▼
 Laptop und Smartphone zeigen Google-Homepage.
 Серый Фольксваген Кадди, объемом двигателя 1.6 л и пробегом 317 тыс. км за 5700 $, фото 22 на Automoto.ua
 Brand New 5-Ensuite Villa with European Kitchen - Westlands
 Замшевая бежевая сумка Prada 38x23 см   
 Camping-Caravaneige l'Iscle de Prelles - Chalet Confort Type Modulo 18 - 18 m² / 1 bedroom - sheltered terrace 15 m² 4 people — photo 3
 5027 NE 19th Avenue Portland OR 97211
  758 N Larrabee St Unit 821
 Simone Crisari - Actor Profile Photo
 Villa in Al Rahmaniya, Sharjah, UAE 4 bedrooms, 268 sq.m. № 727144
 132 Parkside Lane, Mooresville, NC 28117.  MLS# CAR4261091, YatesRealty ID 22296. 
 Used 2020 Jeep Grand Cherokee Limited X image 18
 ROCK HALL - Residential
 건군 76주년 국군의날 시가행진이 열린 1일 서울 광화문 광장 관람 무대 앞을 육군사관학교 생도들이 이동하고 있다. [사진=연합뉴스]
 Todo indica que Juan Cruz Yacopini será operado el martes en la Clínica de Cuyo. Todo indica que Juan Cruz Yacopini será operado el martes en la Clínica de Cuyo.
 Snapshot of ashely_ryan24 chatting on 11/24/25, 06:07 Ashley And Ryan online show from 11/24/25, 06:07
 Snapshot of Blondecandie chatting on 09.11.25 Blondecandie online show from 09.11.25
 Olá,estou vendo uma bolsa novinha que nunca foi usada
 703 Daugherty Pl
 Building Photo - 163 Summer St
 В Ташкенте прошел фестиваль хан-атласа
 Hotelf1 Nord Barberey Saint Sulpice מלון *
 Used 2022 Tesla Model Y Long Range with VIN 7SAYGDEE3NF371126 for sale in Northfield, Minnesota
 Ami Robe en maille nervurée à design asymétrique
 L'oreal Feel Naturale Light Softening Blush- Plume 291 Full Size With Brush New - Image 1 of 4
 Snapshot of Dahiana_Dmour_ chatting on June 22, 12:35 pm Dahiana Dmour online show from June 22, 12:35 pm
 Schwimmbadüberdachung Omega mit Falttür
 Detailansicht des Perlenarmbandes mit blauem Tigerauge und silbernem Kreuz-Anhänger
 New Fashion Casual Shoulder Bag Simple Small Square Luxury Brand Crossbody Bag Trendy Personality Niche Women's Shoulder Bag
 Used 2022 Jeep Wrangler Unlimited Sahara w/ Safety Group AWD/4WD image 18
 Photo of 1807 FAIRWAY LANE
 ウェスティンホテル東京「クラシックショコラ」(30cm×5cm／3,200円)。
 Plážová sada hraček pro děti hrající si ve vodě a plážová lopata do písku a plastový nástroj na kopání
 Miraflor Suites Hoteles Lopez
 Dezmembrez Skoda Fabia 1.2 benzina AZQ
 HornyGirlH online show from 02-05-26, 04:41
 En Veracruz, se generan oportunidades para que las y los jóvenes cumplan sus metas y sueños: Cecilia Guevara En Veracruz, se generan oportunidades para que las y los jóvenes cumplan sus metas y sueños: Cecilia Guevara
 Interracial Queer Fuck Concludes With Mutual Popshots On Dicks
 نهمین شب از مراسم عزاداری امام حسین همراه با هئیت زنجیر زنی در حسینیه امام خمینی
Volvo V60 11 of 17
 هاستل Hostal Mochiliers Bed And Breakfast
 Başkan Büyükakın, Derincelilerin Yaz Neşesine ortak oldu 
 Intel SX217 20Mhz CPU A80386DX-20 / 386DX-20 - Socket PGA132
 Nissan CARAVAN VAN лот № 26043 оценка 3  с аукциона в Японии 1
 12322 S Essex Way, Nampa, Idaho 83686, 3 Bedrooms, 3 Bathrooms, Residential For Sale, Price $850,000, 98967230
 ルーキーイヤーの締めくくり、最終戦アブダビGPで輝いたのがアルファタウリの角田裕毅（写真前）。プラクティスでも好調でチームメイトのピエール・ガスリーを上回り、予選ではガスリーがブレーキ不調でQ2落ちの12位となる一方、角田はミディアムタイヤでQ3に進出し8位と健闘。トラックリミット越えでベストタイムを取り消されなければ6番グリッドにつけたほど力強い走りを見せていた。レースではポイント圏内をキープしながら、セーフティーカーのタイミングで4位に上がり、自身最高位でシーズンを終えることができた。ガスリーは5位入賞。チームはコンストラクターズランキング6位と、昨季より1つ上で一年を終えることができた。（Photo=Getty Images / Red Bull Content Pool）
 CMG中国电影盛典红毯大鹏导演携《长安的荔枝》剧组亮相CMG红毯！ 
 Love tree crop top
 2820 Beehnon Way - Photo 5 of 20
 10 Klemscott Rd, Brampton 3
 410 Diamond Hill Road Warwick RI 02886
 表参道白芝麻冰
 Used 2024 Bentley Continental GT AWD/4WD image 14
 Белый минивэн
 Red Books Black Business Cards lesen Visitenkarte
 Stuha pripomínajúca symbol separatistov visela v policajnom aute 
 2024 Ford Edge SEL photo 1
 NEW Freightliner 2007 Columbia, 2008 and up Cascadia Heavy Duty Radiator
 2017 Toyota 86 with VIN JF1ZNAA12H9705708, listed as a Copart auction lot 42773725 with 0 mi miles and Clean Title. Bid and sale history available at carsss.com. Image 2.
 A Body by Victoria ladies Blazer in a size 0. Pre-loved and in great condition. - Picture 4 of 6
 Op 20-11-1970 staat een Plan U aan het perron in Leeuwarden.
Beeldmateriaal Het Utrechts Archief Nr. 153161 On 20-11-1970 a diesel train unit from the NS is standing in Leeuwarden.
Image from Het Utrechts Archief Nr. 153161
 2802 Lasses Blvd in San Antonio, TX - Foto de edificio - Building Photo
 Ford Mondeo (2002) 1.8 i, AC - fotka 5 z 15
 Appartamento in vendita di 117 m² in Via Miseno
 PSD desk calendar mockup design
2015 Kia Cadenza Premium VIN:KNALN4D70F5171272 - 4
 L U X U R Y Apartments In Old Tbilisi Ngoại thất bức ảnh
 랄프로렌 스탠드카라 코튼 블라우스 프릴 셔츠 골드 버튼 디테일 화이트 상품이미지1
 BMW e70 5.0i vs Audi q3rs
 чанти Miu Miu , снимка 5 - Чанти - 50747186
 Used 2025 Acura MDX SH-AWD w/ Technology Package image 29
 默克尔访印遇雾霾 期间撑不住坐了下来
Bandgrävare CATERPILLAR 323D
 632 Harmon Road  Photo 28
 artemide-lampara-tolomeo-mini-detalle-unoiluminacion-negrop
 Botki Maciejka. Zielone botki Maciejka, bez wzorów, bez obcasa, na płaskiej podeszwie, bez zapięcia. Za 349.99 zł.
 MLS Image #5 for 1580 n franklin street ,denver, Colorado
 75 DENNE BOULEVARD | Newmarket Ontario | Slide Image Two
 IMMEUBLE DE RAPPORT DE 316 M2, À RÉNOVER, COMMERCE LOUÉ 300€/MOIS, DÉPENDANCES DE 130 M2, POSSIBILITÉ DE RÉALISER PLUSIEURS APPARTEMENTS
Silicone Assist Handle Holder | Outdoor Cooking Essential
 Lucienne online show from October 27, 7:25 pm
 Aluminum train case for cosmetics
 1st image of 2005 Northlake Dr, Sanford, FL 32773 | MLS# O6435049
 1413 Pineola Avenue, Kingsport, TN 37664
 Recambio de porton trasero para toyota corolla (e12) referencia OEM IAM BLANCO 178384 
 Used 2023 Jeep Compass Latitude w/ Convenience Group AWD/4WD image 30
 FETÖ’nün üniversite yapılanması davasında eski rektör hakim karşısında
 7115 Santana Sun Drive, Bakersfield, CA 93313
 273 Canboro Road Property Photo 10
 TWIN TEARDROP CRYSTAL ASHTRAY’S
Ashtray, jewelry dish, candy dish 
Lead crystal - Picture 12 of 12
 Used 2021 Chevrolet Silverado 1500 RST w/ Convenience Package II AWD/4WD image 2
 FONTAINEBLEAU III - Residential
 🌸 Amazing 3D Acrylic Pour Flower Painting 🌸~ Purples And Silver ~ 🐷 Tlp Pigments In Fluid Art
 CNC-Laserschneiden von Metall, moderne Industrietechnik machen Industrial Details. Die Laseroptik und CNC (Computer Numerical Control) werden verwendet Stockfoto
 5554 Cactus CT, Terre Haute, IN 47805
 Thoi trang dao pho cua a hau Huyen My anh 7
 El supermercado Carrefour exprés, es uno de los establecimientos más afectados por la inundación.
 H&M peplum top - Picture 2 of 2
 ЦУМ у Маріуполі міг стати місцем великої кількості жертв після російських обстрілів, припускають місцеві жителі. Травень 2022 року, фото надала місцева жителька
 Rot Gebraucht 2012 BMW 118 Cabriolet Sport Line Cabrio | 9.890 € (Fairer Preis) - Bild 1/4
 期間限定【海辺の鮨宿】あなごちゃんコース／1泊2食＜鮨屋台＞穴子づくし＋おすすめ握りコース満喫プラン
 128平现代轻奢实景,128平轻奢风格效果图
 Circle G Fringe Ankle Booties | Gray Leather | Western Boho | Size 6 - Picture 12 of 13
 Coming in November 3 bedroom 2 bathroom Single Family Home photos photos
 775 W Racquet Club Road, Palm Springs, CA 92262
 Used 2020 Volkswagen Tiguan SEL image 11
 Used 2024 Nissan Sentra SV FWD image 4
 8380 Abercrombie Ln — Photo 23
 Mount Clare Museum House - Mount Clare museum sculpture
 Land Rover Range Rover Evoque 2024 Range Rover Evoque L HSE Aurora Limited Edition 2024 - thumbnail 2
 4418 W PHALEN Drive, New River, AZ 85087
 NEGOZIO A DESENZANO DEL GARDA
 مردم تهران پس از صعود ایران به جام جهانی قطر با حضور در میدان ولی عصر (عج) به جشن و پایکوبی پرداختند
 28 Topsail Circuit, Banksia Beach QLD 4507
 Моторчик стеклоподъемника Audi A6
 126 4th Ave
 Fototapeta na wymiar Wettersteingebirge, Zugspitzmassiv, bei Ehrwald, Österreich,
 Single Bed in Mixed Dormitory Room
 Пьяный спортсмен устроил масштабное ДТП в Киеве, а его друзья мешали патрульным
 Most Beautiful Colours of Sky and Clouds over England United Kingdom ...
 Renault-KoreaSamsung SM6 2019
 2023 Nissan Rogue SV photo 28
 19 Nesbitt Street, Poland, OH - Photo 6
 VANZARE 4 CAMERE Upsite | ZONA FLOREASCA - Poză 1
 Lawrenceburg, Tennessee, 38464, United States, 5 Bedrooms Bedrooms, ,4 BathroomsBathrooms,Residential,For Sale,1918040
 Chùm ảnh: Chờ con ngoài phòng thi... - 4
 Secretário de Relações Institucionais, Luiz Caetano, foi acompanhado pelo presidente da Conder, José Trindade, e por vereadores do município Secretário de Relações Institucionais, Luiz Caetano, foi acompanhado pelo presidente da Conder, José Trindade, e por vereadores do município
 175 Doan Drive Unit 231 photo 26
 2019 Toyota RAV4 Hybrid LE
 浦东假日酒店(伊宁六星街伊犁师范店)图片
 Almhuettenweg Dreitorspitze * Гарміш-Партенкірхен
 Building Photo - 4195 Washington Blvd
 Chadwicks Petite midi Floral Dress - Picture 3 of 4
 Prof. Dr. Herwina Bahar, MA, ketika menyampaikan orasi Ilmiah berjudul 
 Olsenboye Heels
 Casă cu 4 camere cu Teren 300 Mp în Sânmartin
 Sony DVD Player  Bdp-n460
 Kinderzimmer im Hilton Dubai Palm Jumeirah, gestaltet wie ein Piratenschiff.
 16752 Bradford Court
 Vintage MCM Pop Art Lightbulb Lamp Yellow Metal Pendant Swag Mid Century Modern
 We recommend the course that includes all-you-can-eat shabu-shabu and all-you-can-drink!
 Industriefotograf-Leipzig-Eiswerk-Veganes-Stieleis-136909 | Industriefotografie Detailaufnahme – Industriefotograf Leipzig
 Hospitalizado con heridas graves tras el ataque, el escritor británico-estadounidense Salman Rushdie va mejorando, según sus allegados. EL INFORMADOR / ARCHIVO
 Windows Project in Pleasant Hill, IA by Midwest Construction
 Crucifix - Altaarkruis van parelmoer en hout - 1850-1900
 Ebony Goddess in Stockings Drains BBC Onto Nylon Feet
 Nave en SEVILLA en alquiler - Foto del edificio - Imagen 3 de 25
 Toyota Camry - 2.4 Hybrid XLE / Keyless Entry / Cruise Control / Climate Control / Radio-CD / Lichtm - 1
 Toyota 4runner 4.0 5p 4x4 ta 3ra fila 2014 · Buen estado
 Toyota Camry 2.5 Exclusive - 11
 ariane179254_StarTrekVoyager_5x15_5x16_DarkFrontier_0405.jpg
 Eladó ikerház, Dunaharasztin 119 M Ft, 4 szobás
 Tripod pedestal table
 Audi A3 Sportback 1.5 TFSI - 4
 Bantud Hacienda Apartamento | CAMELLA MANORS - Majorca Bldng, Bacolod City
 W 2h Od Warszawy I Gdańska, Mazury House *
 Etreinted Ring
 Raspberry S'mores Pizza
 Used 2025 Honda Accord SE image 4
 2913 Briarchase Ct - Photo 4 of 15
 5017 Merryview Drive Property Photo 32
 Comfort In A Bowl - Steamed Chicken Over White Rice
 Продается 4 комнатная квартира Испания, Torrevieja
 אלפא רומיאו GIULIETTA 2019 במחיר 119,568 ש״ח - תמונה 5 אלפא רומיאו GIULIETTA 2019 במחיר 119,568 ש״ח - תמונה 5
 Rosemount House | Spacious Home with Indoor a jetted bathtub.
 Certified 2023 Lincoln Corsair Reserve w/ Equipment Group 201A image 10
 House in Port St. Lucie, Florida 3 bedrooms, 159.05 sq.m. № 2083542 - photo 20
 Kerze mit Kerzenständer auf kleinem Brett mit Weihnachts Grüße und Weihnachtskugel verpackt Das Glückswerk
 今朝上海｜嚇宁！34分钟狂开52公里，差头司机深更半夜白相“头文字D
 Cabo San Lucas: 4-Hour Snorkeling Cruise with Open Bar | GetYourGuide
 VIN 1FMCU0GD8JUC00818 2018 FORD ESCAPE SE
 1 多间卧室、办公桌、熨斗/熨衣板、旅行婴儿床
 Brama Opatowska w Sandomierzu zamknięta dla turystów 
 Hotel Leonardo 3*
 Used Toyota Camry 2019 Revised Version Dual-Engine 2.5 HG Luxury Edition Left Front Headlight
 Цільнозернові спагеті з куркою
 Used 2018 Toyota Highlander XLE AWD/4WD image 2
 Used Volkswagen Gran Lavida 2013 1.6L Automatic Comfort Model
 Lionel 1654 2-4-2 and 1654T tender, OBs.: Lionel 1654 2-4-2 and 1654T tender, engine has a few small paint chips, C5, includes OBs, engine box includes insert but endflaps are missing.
▲
*EXERCISE AIM:*
Where in the listing does the string "online" appear? Copy every line that has it.

*EXERCISE RESPONSE:*
 Snapshot of ashely_ryan24 chatting on 11/24/25, 06:07 Ashley And Ryan online show from 11/24/25, 06:07
 Snapshot of Blondecandie chatting on 09.11.25 Blondecandie online show from 09.11.25
 Snapshot of Dahiana_Dmour_ chatting on June 22, 12:35 pm Dahiana Dmour online show from June 22, 12:35 pm
 HornyGirlH online show from 02-05-26, 04:41
 Lucienne online show from October 27, 7:25 pm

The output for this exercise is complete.